» WHAT THE TASK REQUIRES: Within the records that follow, restate exactly the lines from the line with "Human CDK4 Protein" down to the line with "7-159_Malignant_melanoma_-_superficial_spreading_type_(2_of_2)", including both. Omit the pictures.

» EXERCISE MATERIAL:
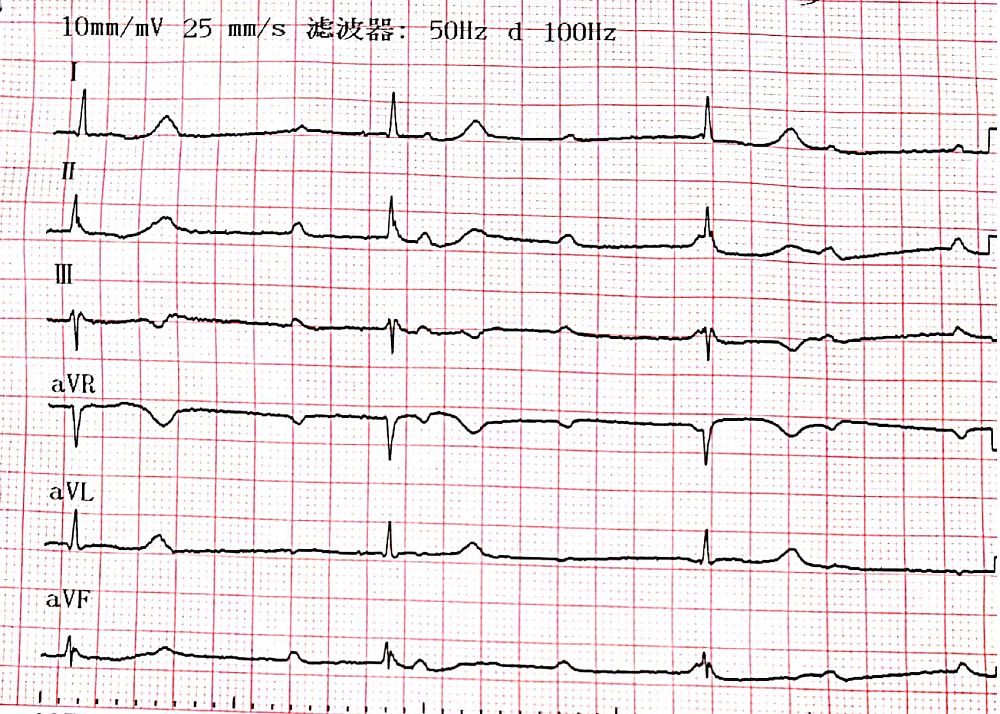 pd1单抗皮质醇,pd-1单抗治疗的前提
--
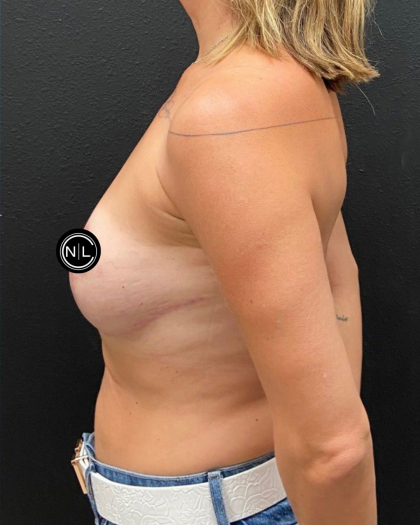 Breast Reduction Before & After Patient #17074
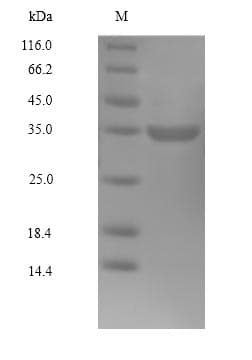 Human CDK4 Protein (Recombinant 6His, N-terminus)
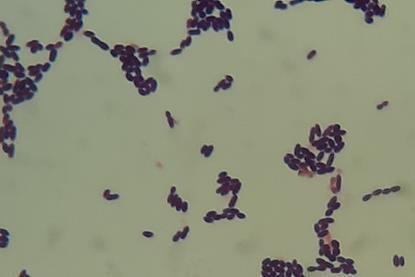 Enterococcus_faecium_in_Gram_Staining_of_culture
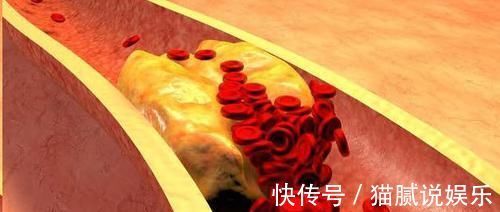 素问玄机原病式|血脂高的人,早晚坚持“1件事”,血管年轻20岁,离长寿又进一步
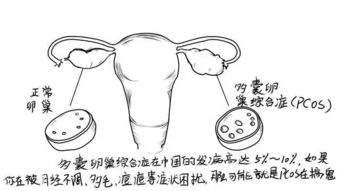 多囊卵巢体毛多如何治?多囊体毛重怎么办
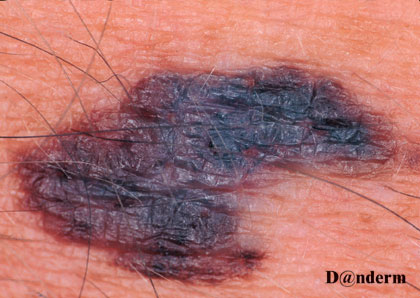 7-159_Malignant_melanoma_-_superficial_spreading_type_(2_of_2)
...
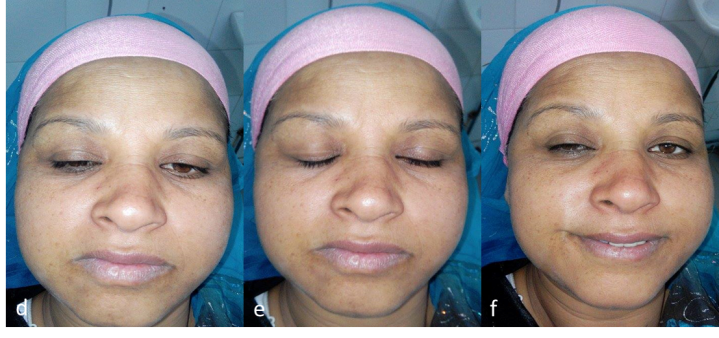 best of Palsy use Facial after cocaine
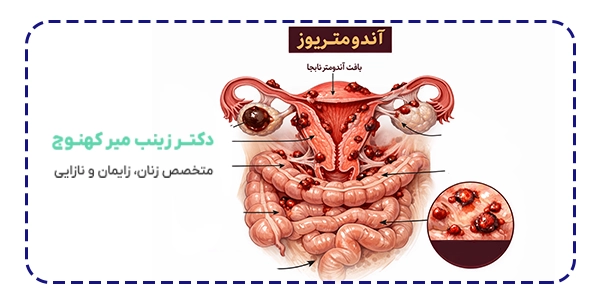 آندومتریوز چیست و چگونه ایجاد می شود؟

» EXERCISE ANSWER:
 Human CDK4 Protein (Recombinant 6His, N-terminus)
 Enterococcus_faecium_in_Gram_Staining_of_culture
 素问玄机原病式|血脂高的人,早晚坚持“1件事”,血管年轻20岁,离长寿又进一步
 多囊卵巢体毛多如何治?多囊体毛重怎么办
 7-159_Malignant_melanoma_-_superficial_spreading_type_(2_of_2)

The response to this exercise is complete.